Niemi expects the U.S. real gross domestic product to decline from an estimated 2.1 percent this year to 1.9 percent next year.
“It’s hard to make economic predictions without knowing what policy will be,” Niemi said. But jobs, housing starts, consumer spending and public policy are the key to the U.S. economic recovery, he said.
Here are the panel highlights from Niemi and seven other SMU professors participated:
Texas, which has created more than half of all U.S. jobs since 2000, is in good shape, the economists said.
“Things will be good here, but nationally it will be painfully sluggish growth,” Niemi said.
The shift from manufacturing jobs to service jobs over the last 40 years has eroded the middle-class incomes, Niemi said. Half of the nation filed adjusted gross median tax returns of a little over $32,000 in 2011, he said based on IRS data.
Although the nation has regained 2.1 million of the 8.4 million jobs lost during the recession, 6.3 million people are still out of work. The problem is that an average of 125,000 first-time job seekers a month also is entering the work force, Niemi said.
It’s taking longer to return to full employment after the Great Recession than it took after the Great Depression, Niemi said. If the nation adds an average of 213,000 jobs a month, which is higher than the monthly job gains since February, it would take until 2025 to return to full employment, he calculated.
Bruce Bullock, director of SMU’s Maguire Energy Institute, predicts North America could be energy (oil and natural gas production) independent by 2020.
However, he said risks to growth include more regulations on fracking, carbon dioxide restrictions and oil prices declining below $75 a barrel.
Housing starts have ticked up over the last three years — from 580,000 in 2010 to an estimated 750,000 this year, but are not back to the million-plus annual level in the last four decades, Niemi said.

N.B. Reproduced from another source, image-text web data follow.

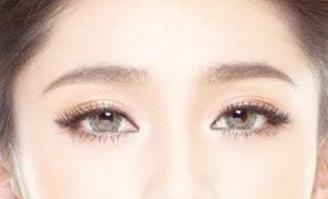 石家莊美聯(lián)臣雙眼皮整形靠譜嗎？有哪些優(yōu)秀醫(yī)生？有什么成功案例供參考？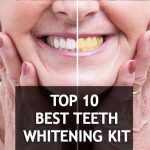 Best and quickest way to get white teeth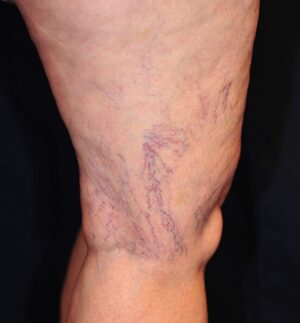 Leg Veins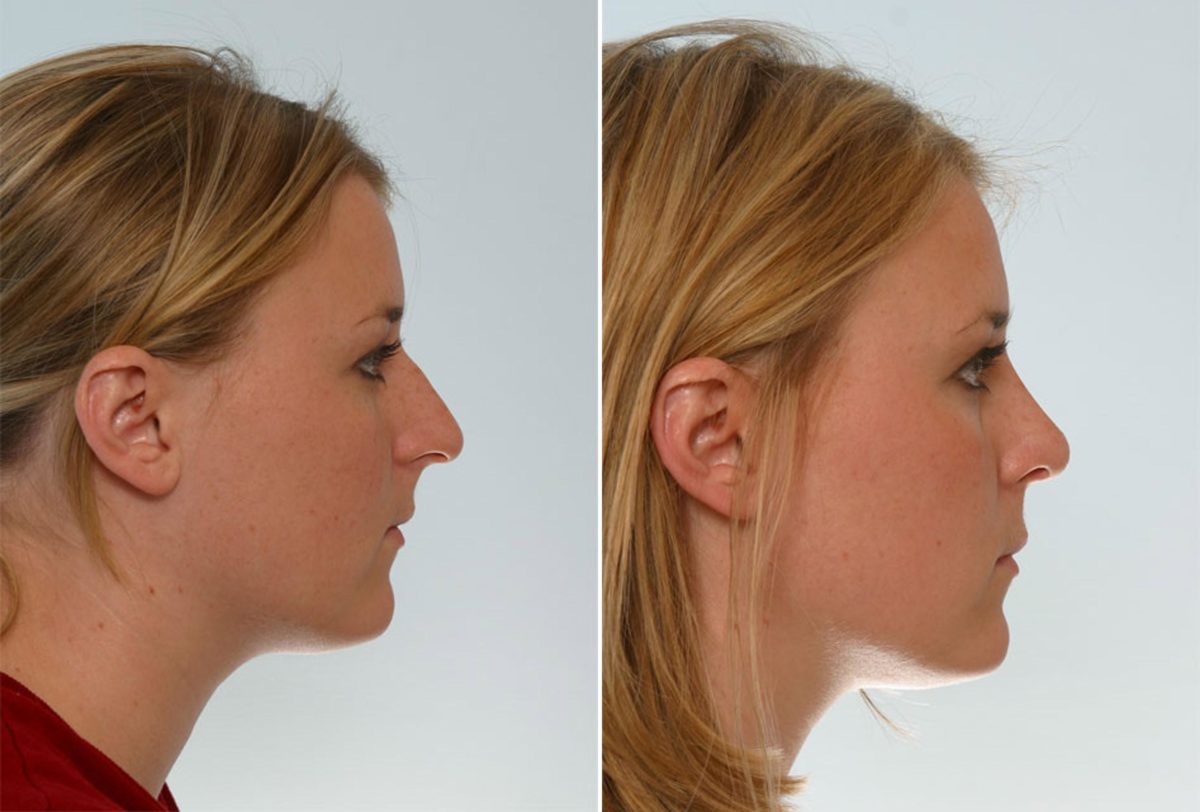 Non-Surgical Vs. Surgical Rhinoplasty: Whatâs the Difference?, Before and After Photos Rhinoplasty Before and After Photos in Houston, TX, Patient 29604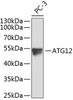 Western blot analysis of extracts of PC-3 cells, using ATG12 antibody (23-385) .<br/>Secondary antibody: HRP Goat Anti-Mouse IgG (H+L) (AS003) at 1:10000 dilution.<br/>Lysates/proteins: 25ug per lane.<br/>Blocking buffer: 3% nonfat dry milk in TBST.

The United States is still dealing with the aftermath of the 2008 financial crisis at a total cost of $10 trillion to $20 trillion, said Harvey Rosenblum, an SMU adjunct professor and director of research for the Federal Reserve Bank of Dallas. He supports breaking up the nation’s biggest banks to return market discipline.
“The alternative of doing nothing is just too dangerous, Rosenblum said. He thinks a number of congressional leaders will advocate for banking reforms next year.
The status quo could result in another $10 trillion to $20 trillion crisis, Rosenblum said. The nation is heading toward a monopoly banking system, with a few big banks dominating the mortgage industry, he said.
Michael Davis, an SMU senior lecturer of economics, said Europe is in a recession or about to be in a recession based on its negative growth in the first two quarters of this year. However, the United States and Texas are not very dependent on Europe for exports, which insulates them somewhat from a European crisis, he said.
“We have issues as a nation that transcend the presidency,” said Niemi, who produced his economic outlook before the election results last week. “It doesn’t really matter who is at the top.”